Quickly escalating crisis affects the entire Nordic region
The international financial crisis soon struck the other Nordic countries almost without warning, albeit not quite as drastically. The December issue of Analys Norden provides a good analysis of the situation such as it was during the week before Christmas. After Christmas the situation has worsened. The Nordic governments have introduced new crisis packages to help diminish the fluctuations and their effects on domestic demand. Everyone is afraid of rapidly increasing unemployment, and governments are resorting to counter-measures that were previously unthinkable. For example, the Norwegian government has dipped into its oil fund, and Sweden’s Minister for Industry and Trade has promised financial support to the automobile industry, when such support was”out of the question” the week before. No-one wants to raid state finances too much, as they do not want to be caught unawares by a second financial crisis that many experts predict is coming in a few months’ time. So far Finland seems to have escaped the crisis with the least damage. The traumatic recession of the early 1990s is still fresh in memory, which may have been the decisive reason for why Finland is a Euro nation today and thereby less sensitive to global currency attacks.

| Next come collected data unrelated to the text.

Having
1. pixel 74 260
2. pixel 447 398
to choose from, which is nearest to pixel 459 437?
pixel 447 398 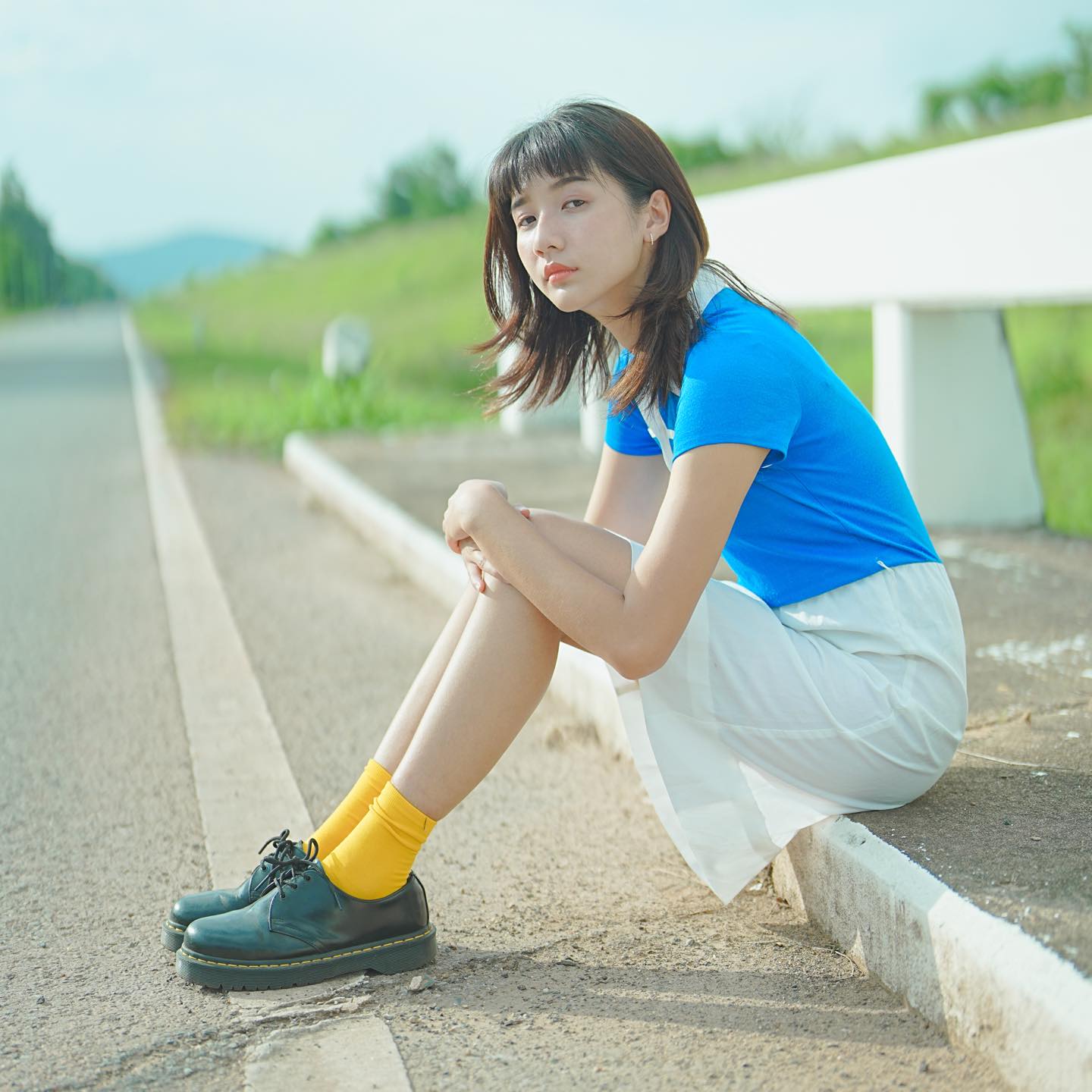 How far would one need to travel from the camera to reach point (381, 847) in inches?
99.0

Education, education, education
The European Commission reminds us of the importance of education as a competitive asset. Now is the time to implement the Lisbon strategy and to realise its goal of making Europe the strongest economy in the world fuelled by competence and education. Citizens need to educate themselves now in order to stand strong when the wheels start turning again. But the European year of creativity and innovation has not begun well.
From a NVL perspective, this issue of DialogWeb attempts to grasp how authorities and other policy-makers in the region plan to prioritise and organise adult learning in these hard times. In Sweden, several new initiatives for vocational education were included already in the government’s autumn budget bill, as well as funding for a new framework for vocational higher education (Yrkeshögskolan). But these measures require financial input from municipalities and other authorities, and municipalities have been forced to tighten their budgets rapidly due to bleak growth prognoses and shrinking tax revenue. The government has not proposed many labour market initiatives, while municipalities are having to discharge employees. Denmark and Norway appear to be in a very similar situation. The transition from labour shortage to fears of widespread unemployment has occurred at a record speed. Because of the crisis, municipal budget cuts coincide with a recession. Who, in such a situation, can organise educational opportunities that will enable people to emerge from the crisis stronger than before, and how should it be done?
Powerful and well-articulated warnings are being issued from various quarters. At the World Forum on Lifelong Learning in October, Nicholas Burnett, UNESCO Assistant Director-General for Education, boomed that “to cut education budgets is to gamble on the future of people .. we must continue to promote training in order to avoid marginalising people”. Sture Nordh, President of TCO (The Swedish Confederation for Professional Employees) has proposed massive and extensive initiatives with education as a central component. Without such measures, we face marginalisation, he says. The cost of the initiatives proposed by Nordh would be somewhere around 30–50 billion kronor.
A versatile contemporary document
This issue of DialogWeb takes a look at how the crisis is affecting individuals and organisations throughout the Nordic region. An Estonian article describes extensive discussions on how strategies of lifelong learning should be implemented and whether the focus should be on the individual or the labour market. In Norway, a programme that organises basic skills training in working life (BKA) has been extended to cover new target groups and new channels. The Danish company Davidsen Tømmerhandel in Southern Jutland has chosen to provide training for its 250 staff members in order to avoid discharging them and to prepare them for better times. A diversified course catalogue was produced in cooperation with educational institutions and authorities. In Finland, extra training and courses targeted at people who have been made redundant are being developed at the Adult Education Centre in Tampere. Similar activities are undertaken in the Icelandic Reykjanes peninsula by Virkjun, a centre which supports innovation and creativity among the region’s inhabitants.
To put it short – this year’s first DialogWeb offers a variety of reading matter about different paths towards the same goal.